EXERCISE PROMPT -
Locate the line that contains "Moschino LOVE Textured". Retype it and every line after it to the end of the records, exactly, but not the pictures.

(Data records)
════

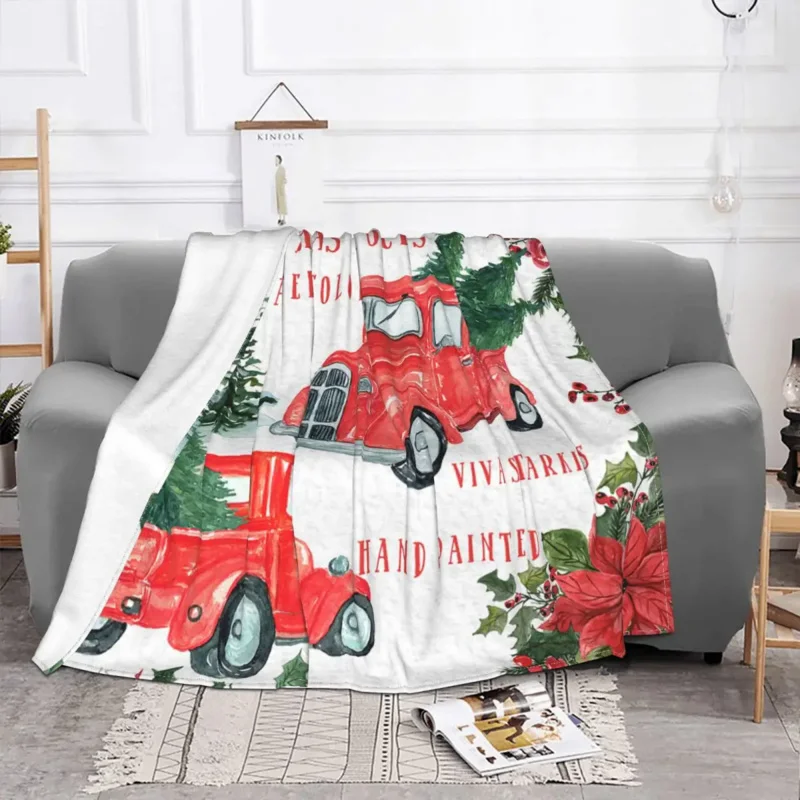 Truck Clipart Knitted Blanket Nordic Merry Christmas New Year Flannel Throw Blankets Bedroom Sofa Soft Warm Bedspread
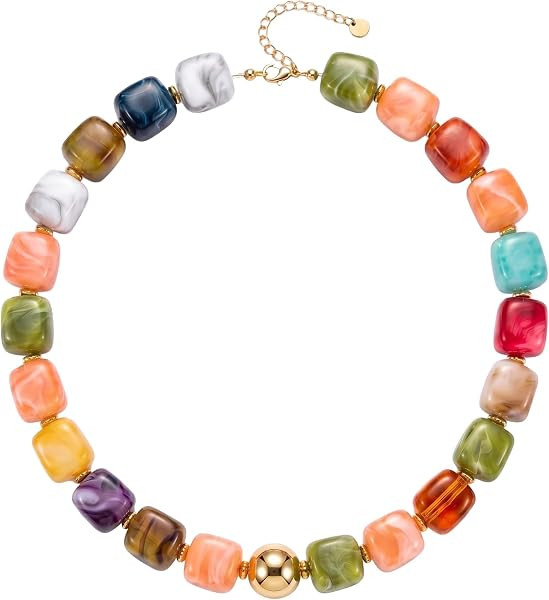 Colorful Chunky Beaded Minimalistic Modern Statement Necklace for Women | Amazon (US)
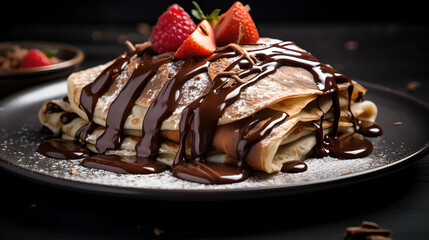 Chocolate filled crepe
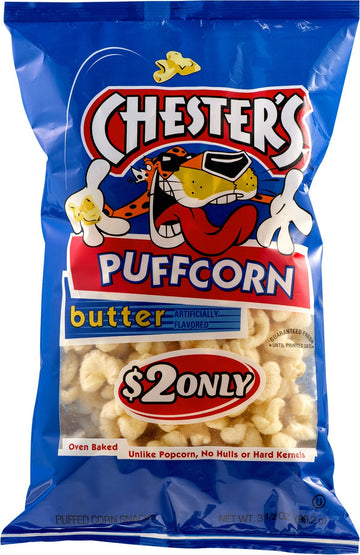 Chesters Butter Flavored Puffcorn Snacks, 3.5oz Bags (Pack of 12)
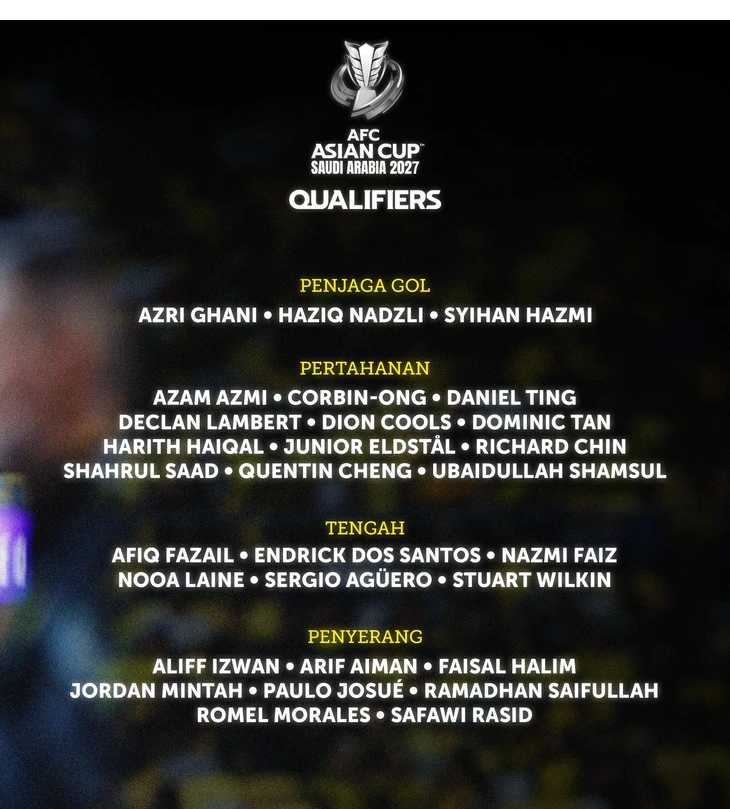 danh sach tuyen malaysia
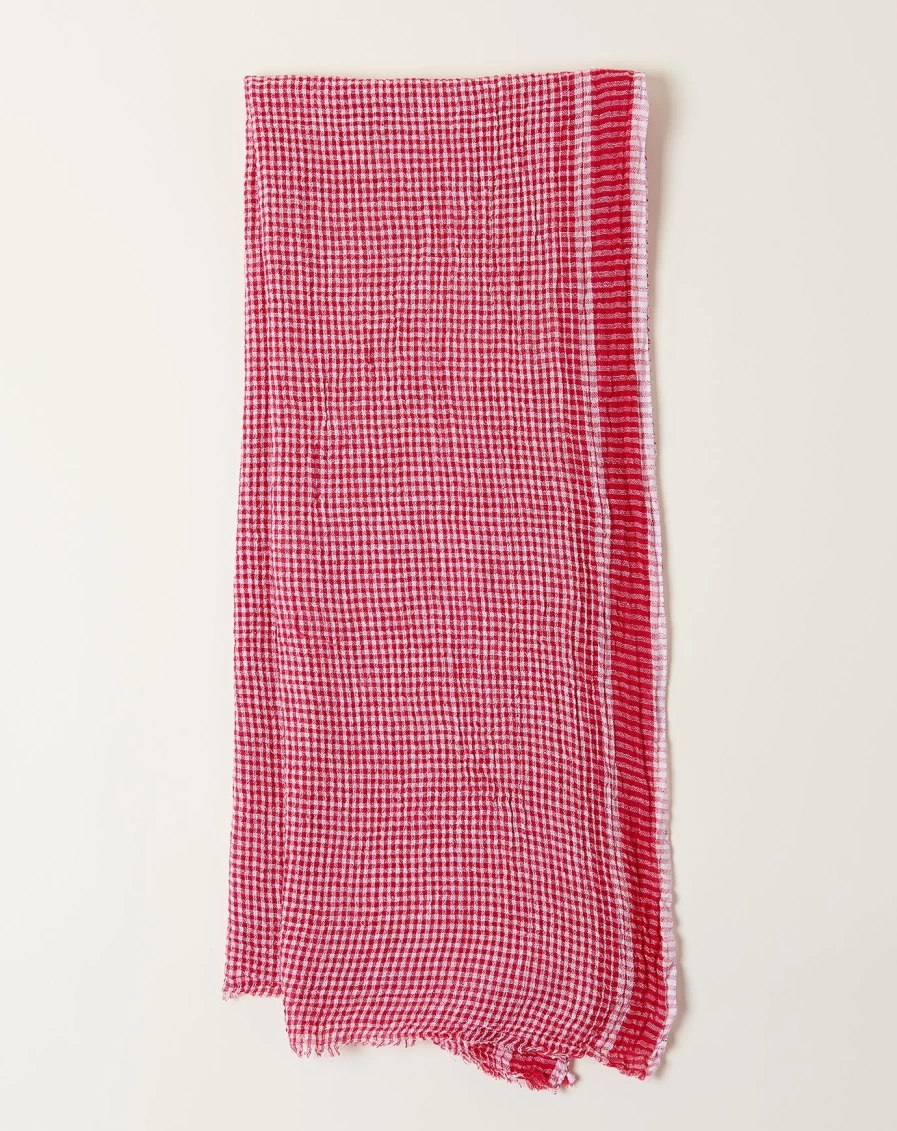 Auntie Oti Red Gingham Scarf - Lightweight Soft Fashion Accessory for Women & Men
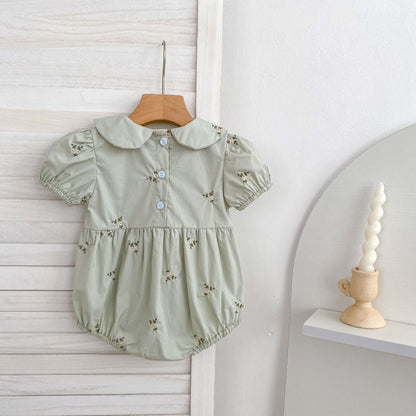Floral Ruffle Sleeveless Romper フリル ノースリーブ ロンパース【mh0013165】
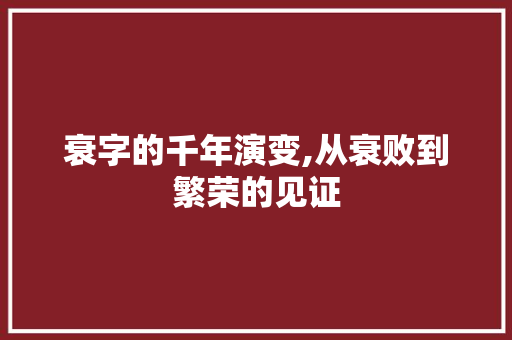衰字的千年演变,从衰败到繁荣的见证
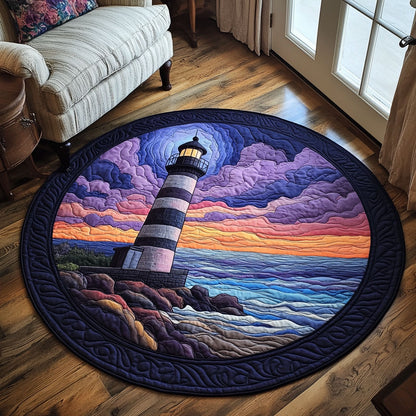 Evening Lighthouse CP1601048CL Quilted Round Mat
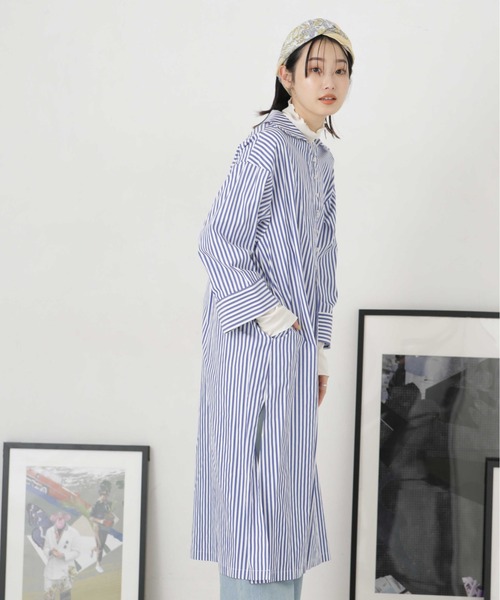 NANO universe（ナノユニバース）の「LB.04/サイドスリットストライプワンピース（シャツワンピース・レディース・ベージュ/ブルー/ネイビー・FREE）」の8枚目の写真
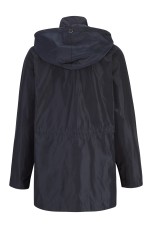 Navy blue parka with removable hood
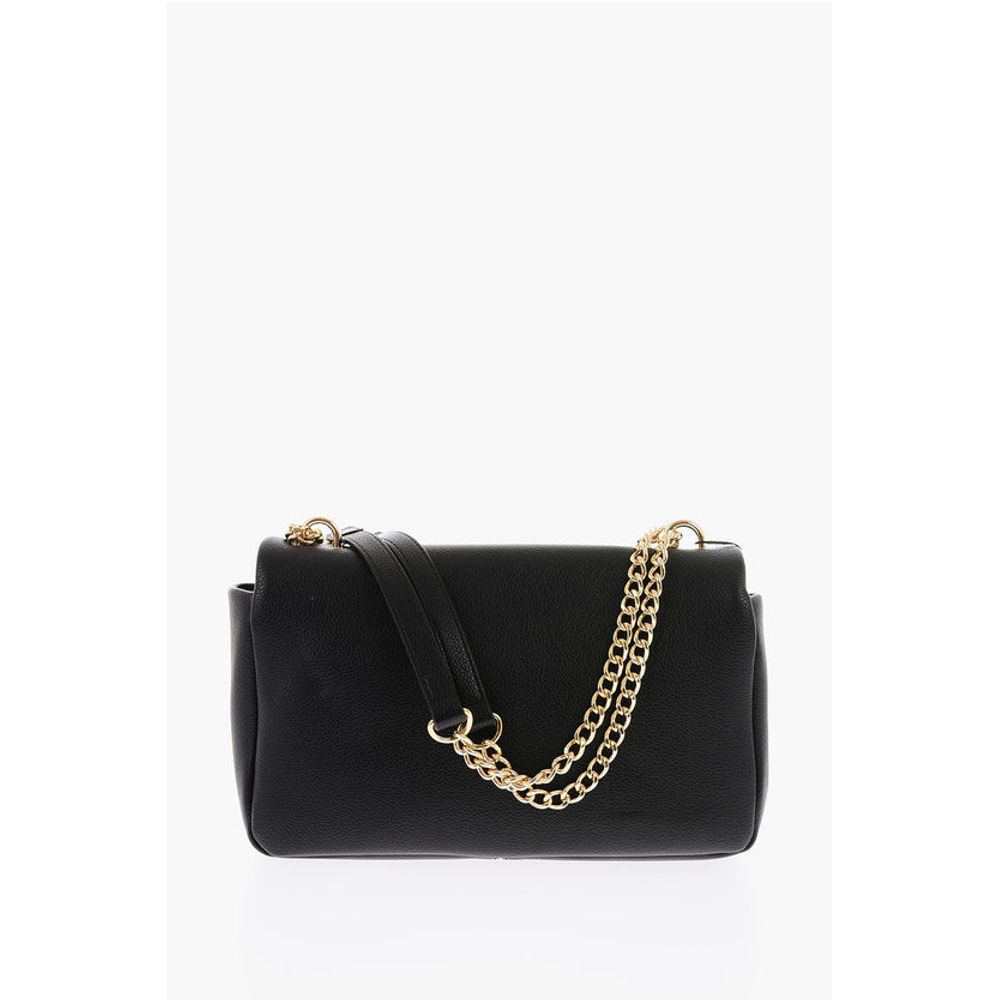 Moschino LOVE Textured Faux Leather Shoulder Bag with Golden Logo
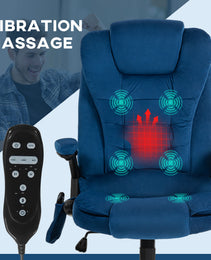 6 Point Executive Office Chair with Heat, Velvet High Back Vibrating Massage Office Chair, Drak Blue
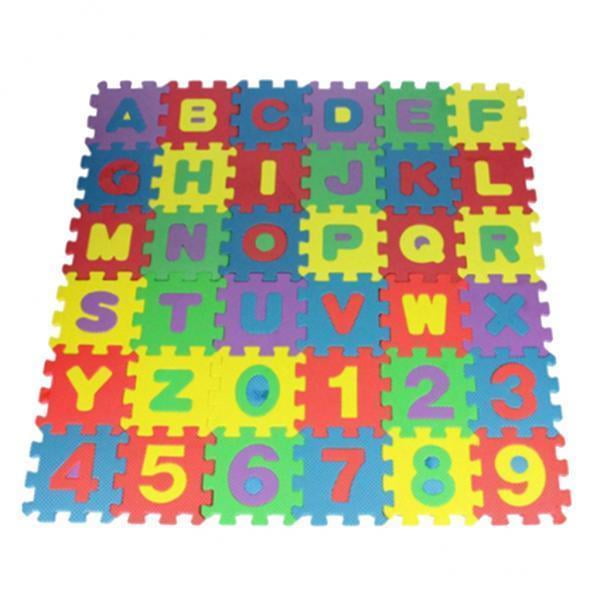 Alfombrilla de juego de rompecabezas Sunnimix 36 azulejos alfabeto y números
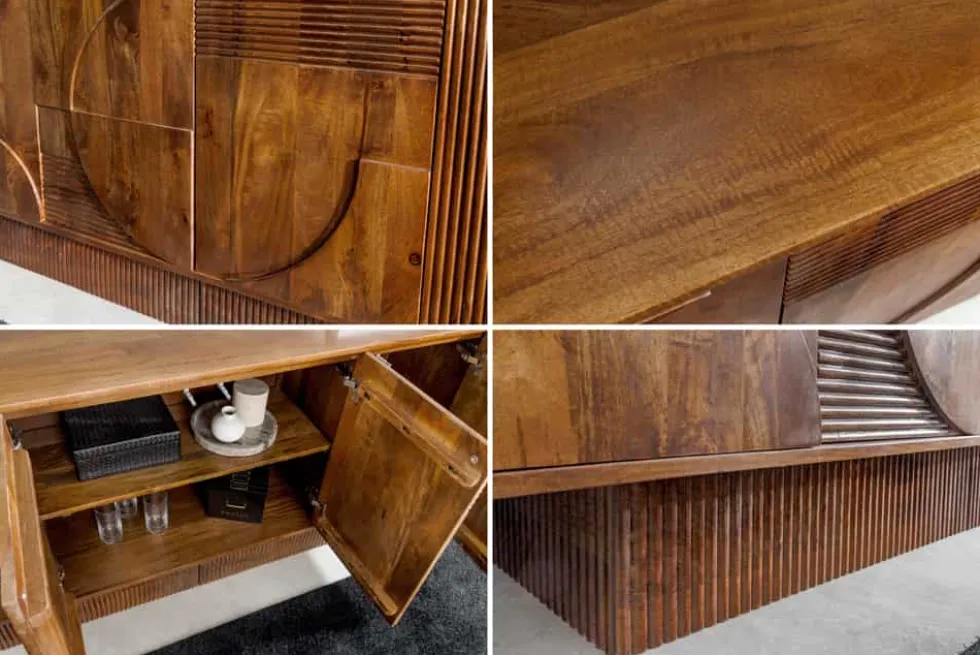 Massives Sideboard ART DECO 170cm braun smoke Mangoholz 3D-Front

════

ANSWER SPACE -
 Moschino LOVE Textured Faux Leather Shoulder Bag with Golden Logo
 6 Point Executive Office Chair with Heat, Velvet High Back Vibrating Massage Office Chair, Drak Blue
 Alfombrilla de juego de rompecabezas Sunnimix 36 azulejos alfabeto y números
 Massives Sideboard ART DECO 170cm braun smoke Mangoholz 3D-Front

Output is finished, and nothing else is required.